[Recorded data]
####
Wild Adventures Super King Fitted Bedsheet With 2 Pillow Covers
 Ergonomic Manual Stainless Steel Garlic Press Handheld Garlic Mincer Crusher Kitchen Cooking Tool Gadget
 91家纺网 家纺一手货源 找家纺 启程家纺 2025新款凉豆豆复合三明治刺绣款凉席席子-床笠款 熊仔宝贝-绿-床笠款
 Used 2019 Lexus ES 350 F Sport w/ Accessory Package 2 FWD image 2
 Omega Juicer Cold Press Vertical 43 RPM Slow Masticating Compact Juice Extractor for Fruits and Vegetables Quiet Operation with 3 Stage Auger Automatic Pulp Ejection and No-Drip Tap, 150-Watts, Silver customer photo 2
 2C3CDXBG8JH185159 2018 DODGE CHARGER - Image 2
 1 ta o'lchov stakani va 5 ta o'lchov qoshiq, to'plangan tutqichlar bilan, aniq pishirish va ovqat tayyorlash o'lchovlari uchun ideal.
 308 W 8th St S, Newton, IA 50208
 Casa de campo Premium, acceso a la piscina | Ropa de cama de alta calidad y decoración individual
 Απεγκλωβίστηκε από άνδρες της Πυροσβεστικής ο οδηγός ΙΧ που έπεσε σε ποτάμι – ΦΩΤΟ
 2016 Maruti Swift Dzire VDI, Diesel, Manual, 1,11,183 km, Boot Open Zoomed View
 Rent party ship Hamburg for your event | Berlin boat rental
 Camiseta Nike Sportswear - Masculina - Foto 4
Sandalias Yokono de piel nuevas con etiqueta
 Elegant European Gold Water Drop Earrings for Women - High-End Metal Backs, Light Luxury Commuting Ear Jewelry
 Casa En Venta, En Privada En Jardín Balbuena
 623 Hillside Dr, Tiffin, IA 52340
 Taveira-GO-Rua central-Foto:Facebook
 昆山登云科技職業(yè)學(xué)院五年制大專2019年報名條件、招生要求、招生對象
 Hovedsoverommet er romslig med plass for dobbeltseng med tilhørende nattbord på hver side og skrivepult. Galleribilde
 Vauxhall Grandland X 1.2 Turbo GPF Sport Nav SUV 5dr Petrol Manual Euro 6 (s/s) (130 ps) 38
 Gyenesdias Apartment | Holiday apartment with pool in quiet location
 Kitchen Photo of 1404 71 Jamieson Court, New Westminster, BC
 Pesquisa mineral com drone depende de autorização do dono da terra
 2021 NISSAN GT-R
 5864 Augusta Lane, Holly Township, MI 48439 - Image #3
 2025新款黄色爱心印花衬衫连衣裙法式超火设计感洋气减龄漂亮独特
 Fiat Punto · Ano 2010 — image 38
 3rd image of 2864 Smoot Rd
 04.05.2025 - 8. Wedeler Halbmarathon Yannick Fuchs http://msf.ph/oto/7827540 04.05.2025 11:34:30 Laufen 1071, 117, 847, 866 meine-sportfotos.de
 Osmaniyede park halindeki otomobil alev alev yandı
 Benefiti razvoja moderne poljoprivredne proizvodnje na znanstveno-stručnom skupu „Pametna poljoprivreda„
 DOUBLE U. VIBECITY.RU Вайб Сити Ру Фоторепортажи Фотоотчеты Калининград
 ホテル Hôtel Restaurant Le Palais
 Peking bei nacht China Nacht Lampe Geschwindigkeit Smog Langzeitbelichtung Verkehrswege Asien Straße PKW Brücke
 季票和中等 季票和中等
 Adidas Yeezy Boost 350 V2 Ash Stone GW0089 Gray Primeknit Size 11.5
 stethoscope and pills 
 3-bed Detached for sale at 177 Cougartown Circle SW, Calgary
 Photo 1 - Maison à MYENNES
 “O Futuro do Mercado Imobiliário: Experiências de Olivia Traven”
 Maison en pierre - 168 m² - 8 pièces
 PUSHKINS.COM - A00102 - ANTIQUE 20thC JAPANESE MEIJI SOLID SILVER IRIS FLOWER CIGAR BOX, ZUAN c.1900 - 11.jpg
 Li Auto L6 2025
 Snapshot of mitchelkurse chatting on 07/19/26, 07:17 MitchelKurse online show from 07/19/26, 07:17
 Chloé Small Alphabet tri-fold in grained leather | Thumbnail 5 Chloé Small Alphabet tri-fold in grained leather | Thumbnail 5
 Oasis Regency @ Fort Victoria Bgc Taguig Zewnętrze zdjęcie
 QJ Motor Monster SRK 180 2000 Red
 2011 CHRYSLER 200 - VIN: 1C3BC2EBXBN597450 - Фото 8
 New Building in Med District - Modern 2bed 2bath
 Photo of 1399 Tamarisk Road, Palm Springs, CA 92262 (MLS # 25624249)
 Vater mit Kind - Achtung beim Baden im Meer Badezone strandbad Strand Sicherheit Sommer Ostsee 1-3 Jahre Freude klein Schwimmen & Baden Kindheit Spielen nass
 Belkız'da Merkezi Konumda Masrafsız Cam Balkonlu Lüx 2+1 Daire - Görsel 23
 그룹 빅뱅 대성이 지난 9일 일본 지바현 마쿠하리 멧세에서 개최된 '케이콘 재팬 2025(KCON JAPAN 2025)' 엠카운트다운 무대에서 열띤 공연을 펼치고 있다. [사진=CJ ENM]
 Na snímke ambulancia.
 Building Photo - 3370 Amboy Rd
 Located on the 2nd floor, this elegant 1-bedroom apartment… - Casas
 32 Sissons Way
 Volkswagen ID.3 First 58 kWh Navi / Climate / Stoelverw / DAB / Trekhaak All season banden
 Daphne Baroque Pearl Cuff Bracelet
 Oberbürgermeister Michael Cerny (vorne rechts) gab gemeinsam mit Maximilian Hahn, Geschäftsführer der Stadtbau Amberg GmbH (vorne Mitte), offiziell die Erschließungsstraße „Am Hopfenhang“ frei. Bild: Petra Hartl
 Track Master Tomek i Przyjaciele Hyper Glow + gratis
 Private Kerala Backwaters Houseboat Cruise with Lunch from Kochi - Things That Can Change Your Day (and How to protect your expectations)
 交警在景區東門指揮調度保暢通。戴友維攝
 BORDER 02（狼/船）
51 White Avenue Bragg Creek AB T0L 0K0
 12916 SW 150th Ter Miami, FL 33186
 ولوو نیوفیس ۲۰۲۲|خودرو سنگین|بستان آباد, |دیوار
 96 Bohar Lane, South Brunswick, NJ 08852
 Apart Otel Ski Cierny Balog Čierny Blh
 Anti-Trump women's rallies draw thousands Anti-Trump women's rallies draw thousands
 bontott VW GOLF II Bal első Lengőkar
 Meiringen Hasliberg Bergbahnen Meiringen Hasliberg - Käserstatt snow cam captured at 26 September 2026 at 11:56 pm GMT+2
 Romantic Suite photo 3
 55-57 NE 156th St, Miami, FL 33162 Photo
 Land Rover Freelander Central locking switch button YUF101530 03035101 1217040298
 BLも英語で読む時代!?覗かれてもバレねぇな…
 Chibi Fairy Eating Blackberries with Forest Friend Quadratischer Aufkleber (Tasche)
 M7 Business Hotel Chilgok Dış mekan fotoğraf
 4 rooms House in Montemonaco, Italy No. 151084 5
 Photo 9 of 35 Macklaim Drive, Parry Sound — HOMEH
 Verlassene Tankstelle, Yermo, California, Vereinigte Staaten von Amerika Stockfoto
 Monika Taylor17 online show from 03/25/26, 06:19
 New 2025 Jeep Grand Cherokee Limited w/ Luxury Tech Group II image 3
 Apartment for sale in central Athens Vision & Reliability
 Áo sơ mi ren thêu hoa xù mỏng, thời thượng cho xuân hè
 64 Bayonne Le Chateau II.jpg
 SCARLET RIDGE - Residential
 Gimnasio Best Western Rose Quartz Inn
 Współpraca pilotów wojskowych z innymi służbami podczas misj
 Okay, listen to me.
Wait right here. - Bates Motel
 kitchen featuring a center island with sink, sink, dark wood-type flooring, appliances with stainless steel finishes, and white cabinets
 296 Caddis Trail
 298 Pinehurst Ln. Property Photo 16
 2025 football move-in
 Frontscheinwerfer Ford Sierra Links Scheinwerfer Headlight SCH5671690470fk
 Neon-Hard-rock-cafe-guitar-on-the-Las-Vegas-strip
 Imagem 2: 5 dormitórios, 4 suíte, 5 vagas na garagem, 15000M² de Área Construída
####
> ASSIGNMENT:
Print, exactly as written, the first line of the records above and each line after it until the line with "Used 2019 Lexus", which is printed too.

> RESULT BELOW:
Wild Adventures Super King Fitted Bedsheet With 2 Pillow Covers
 Ergonomic Manual Stainless Steel Garlic Press Handheld Garlic Mincer Crusher Kitchen Cooking Tool Gadget
 91家纺网 家纺一手货源 找家纺 启程家纺 2025新款凉豆豆复合三明治刺绣款凉席席子-床笠款 熊仔宝贝-绿-床笠款
 Used 2019 Lexus ES 350 F Sport w/ Accessory Package 2 FWD image 2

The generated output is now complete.